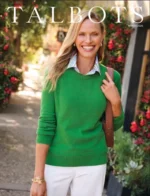 Talbots Catalog: A woman wearing a navy blazer and white trousers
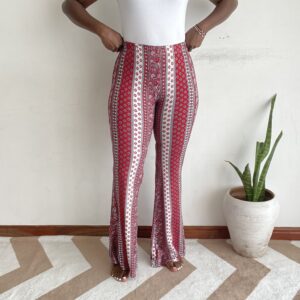 Red and white border-stripe ditsy print flare pants, front view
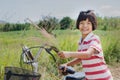 Little girle with bicycle in countryside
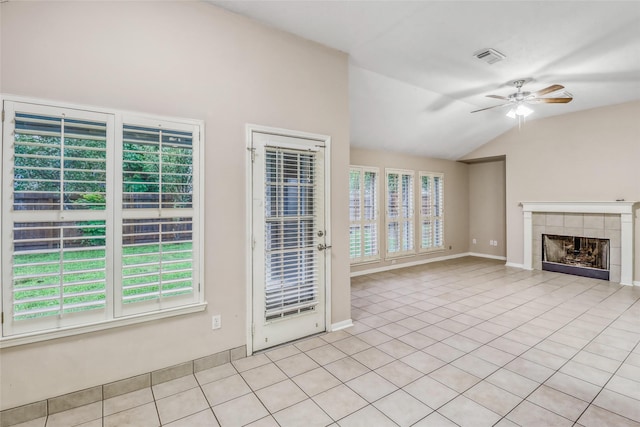 7215 Pembrough Ln, Katy, TX 77494 - unfurnished living room with lofted ceiling, a ceiling fan, a fireplace, and light tile patterned floors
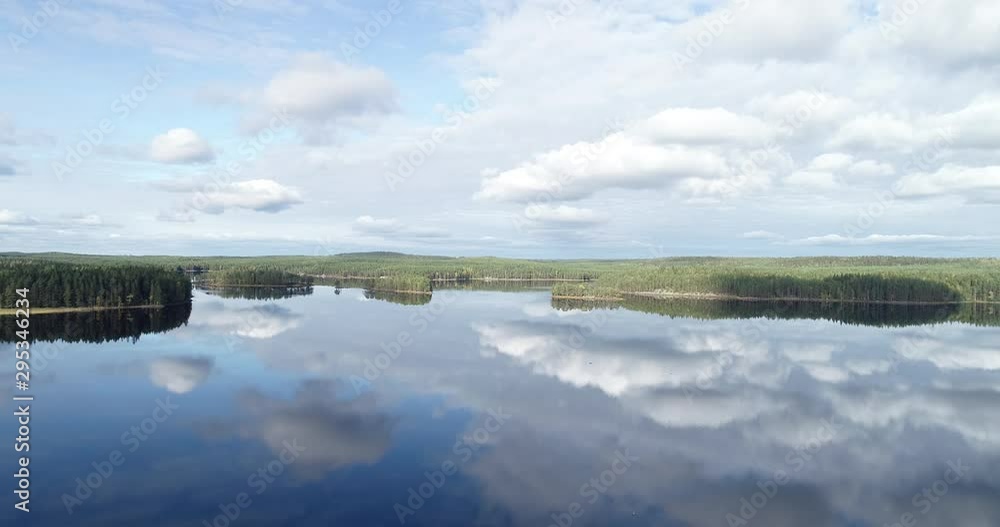 Aerial View. Flying over the beautiful lake. Blue sky and clouds. Aerial camera shot. Finland. Aerial View. Flying over the beautiful lake. Blue sky and clouds. Aerial camera shot. Finland.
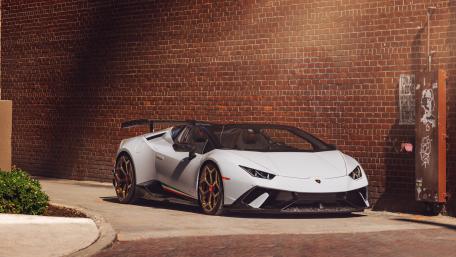 Lamborghini Huracan Elegance Against Brick Backdrop wallpaper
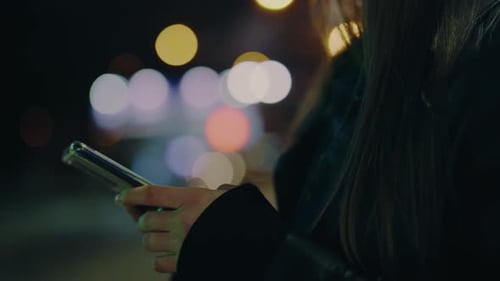 Young Woman Texts Message on Smartphone Standing on City Street Late in Evening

-.-.-

__Exercise__. Give the listing again word for word, but drop every picture.

__Output of the task__.
 Talbots Catalog: A woman wearing a navy blazer and white trousers
 Red and white border-stripe ditsy print flare pants, front view
 Little girle with bicycle in countryside
 7215 Pembrough Ln, Katy, TX 77494 - unfurnished living room with lofted ceiling, a ceiling fan, a fireplace, and light tile patterned floors
 Aerial View. Flying over the beautiful lake. Blue sky and clouds. Aerial camera shot. Finland. Aerial View. Flying over the beautiful lake. Blue sky and clouds. Aerial camera shot. Finland.
 Lamborghini Huracan Elegance Against Brick Backdrop wallpaper
 Young Woman Texts Message on Smartphone Standing on City Street Late in Evening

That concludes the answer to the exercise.